Table 8 Quantitative results (average PSNR) of different methods for color image denoising with noise levels of 15, 25, and 50
Fig. 9
figure 9

Visual comparisons with state-of-the-art methods for color image denoising with noise level of 50

4.6 Results on image SR

We compare our methods with several state-of-the-art image SR methods, including VDSR [22], DRCN [24], MemNet [72], IDN [30], ACNet [19], LESRCNN [20], LAPAR-B [73], SRMDNF [74], CARN [29], IMDN [31], DefRCN [75], and RFDN [32]. To ensure a fair comparison, all methods are trained on the same dataset, and low-resolution images are obtained using the same bicubic interpolation method.

Quantitative analysis. Table 9 presents the quantitative results of different SR methods for three scale factors (i.e., \(\times\)2, \(\times\)3, and \(\times\)4). As one can see, the proposed SCoC-UNet and SCPI-UNet achieve superior performance in most benchmark datasets and scale factors. The maximum PSNR gains reached 0.18dB and 1.14dB of SCoC-UNet and SCPI-UNet on Urban100 for \(\times\)2 image SR. These results highlight the effectiveness of our approaches in recovering texture details of high-resolution images.

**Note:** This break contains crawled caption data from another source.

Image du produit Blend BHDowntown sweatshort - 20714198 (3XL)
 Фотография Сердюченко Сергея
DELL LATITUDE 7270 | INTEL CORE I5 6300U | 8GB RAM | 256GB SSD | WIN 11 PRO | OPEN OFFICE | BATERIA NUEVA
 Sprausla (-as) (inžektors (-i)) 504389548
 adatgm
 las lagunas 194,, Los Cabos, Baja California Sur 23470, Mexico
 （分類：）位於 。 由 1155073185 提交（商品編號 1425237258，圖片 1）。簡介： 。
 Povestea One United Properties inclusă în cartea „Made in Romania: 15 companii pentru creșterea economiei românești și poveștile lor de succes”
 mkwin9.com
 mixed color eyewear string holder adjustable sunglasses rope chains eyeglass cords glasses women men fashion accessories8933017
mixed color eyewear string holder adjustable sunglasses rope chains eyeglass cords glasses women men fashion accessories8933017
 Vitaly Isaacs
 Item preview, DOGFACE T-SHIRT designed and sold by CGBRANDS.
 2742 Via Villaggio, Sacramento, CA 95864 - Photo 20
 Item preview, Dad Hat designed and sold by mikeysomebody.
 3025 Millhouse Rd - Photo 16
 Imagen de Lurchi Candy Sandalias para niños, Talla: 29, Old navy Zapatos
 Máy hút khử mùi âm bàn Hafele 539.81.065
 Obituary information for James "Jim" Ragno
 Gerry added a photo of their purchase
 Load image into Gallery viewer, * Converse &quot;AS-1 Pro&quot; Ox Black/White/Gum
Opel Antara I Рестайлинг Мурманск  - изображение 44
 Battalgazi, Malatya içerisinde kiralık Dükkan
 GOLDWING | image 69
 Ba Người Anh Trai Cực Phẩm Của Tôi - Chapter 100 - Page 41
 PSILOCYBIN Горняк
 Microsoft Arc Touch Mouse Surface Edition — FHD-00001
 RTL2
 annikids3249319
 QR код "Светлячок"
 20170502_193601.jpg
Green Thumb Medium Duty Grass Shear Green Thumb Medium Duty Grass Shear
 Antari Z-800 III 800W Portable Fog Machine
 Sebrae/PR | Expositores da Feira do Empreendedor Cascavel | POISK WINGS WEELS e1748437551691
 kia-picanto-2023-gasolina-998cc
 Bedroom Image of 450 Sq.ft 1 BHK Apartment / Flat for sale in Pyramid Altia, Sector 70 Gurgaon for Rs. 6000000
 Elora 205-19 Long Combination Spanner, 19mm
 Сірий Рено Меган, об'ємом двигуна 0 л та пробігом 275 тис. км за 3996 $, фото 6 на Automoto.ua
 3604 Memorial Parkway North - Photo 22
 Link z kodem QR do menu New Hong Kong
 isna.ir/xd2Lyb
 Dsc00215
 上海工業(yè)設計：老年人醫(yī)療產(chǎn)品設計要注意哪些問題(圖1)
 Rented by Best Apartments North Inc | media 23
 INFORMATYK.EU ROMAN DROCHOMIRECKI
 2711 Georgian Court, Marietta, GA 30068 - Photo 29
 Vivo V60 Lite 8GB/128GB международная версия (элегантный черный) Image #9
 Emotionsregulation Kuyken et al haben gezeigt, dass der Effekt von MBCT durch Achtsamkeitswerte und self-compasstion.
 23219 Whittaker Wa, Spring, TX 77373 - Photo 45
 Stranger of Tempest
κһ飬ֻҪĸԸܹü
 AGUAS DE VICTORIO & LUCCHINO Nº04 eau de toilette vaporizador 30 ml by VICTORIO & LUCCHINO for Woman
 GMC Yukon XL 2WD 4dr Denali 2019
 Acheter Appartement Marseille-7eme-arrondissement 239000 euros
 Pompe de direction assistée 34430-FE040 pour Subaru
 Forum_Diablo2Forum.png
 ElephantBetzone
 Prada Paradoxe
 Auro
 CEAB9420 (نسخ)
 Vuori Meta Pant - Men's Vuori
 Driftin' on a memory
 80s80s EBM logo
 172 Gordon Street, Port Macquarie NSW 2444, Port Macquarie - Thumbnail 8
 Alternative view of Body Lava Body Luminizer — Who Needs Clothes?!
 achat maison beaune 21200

Table 9 Quantitative results (average PSNR and SSIM) of different methods for image SR with three scale factors (\(\times\)2, \(\times\)3, and \(\times\)4) on four benchmark datasets

Qualitative analysis. Fig. 10 showcases the visual comparisons of different image SR methods with a scale factor of \(\times\)4. The two compared images “253027” and “img096” are from the BSD100 and Urban100 datasets, respectively. From the enlarged images, we can observe that it is evident that the super-resolved image recovered by our method closely resembles the real high-resolution image compared to other competitors. Specifically, in the super-resolved image of “253027”, our methods successfully recover clearer and sharper lines on the animal, while other competitors produce artifacts or blurring.

Fig. 10
figure 10

Visual comparisons of different image SR methods with scale factor of \(\times\)4

5 Conclusion and limitation

In this paper, we propose two novel clustering-based frameworks of SCoC-UNet and SCPI-UNet for multiple IR tasks. Specifically, we utilize the trainable CRPE instead of the original absolute position embedding method to handle inputs with different resolutions. To capture the potential style of middle layers, we propose a SCoC block to efficiently extract context features and adaptively recalibrate feature maps. To capture the long-range dependencies, we propose a SCPI block to establish the connections of feature points between different clusters. Furthermore, a U-shaped architecture consisting of a symmetric Encoder–Decoder based on SCoC block and SCPI block is established to obtain hierarchical feature representations. Extensive experimental results on several typical IR tasks demonstrate that our SCoC-UNet and SCPI-UNet achieve superior quantitative and qualitative performance compared to the state-of-the-art methods, and comprehensive ablation analysis validates the effectiveness of individual components of our networks.

While our methods have made large progress on several image restoration tasks, there are still some limitations that need to be addressed: (1) sensitivity to initialization: clustering algorithms, including our SCoC-UNet and SCPI-UNet, can be sensitive to the initial cluster centers. This sensitivity might lead to different results with different initializations, potentially impacting the stability and consistency of the method. (2) Difficulty in determining the optimal number of clusters: one challenge in our methods is determining the appropriate number of clusters, which requires manual intervention or the use of additional heuristics. In our model, selecting the optimal number of clusters remains an open question and might require further experimentation or domain expertise. Therefore, we will continue to improve and optimize our method to make it more robust and stable in future research. Moreover, we will explore ways to reduce the dependency on the cluster centers and the optimal number of clusters, making our model more user-friendly in practical applications.